By Sid Perkins
Global warming is real and will continue, and there’s strong evidence that people are to blame, an international panel of scientists has concluded. Other scientists suggest ways that people might reduce future atmosphere-warming greenhouse-gas emissions and argue that societies will have to adapt to the climate change that’s yet to occur.
“The evidence for warming having happened on the planet is unequivocal,” says Susan Solomon, an atmospheric scientist at the National Oceanic and Atmospheric Administration in Boulder, Colo. “We can see that in rising air temperatures, we can see it in changes in snow cover in the Northern Hemisphere, we can see it in global sea rise,” she says. Solomon and her colleagues on the Intergovernmental Panel on Climate Change (IPCC) released their latest assessment of recent warming trends at a press conference in Paris on Feb. 2.

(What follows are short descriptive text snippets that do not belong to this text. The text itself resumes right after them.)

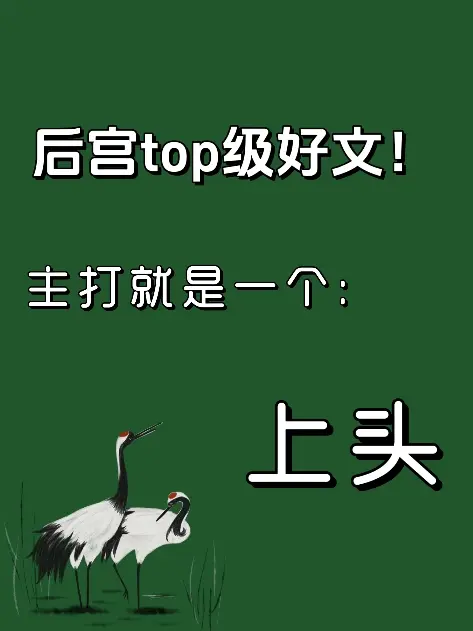小说 文荒推荐 后宫
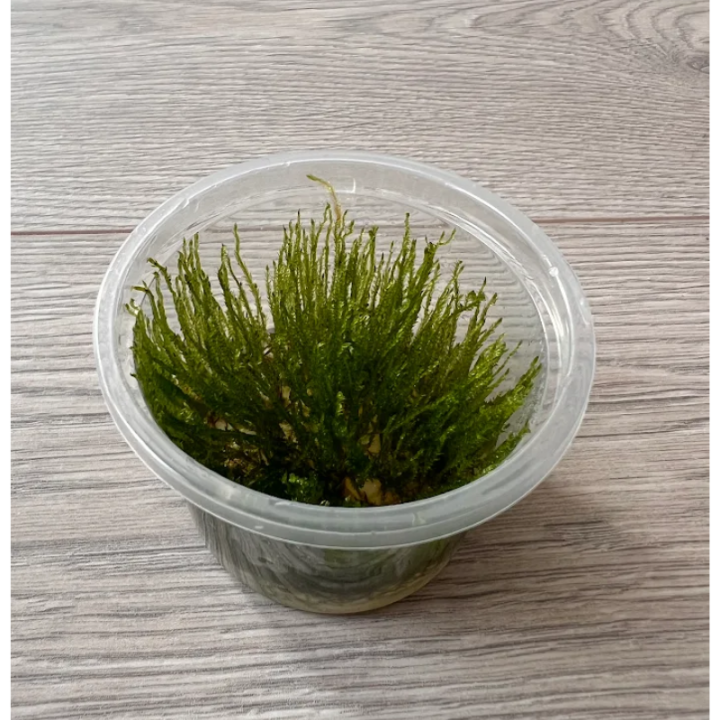 Akvariuminis augalas Spiky moss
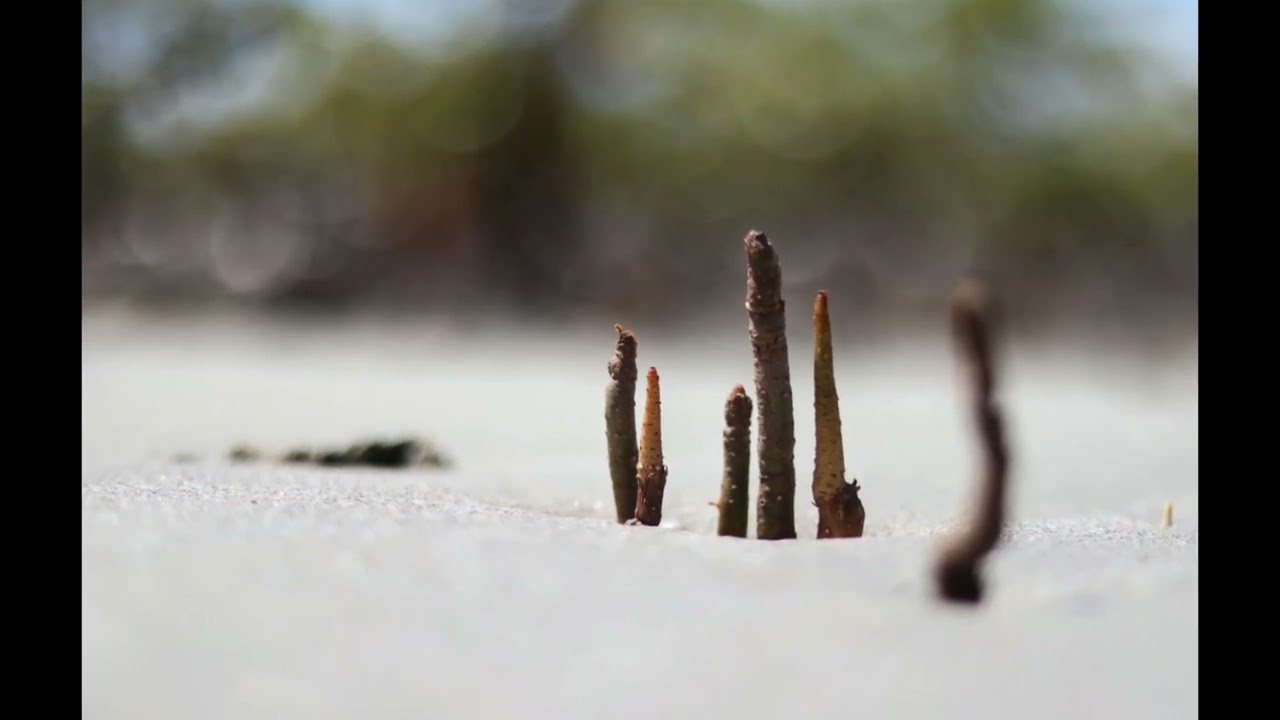 [Free] Chilled Trap Type Beat/Caribbean Rap Beat - 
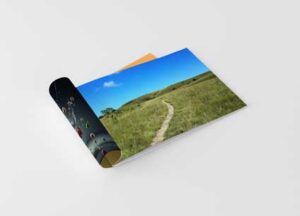 a4-landscape-brochure-mock-up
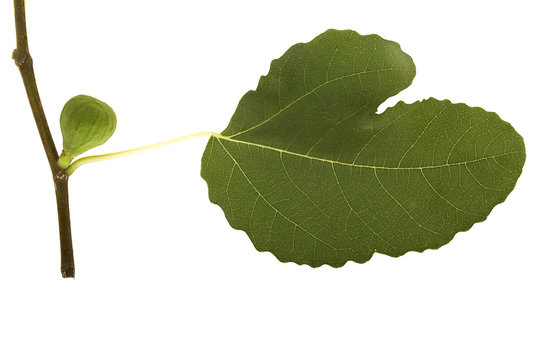 Verkaufshelfer Feigenblatt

The average temperatures at Earth’s surface for 11 of the past 12 years rank among the dozen highest values recorded since the mid-1800s. Over the past 100 years, global average temperature has risen about 0.74°C, the IPCC researchers report. With 90 percent certainty, scientists link that increase to the rising concentrations of carbon dioxide and other heat-trapping greenhouse gases that human activities have released into Earth’s atmosphere.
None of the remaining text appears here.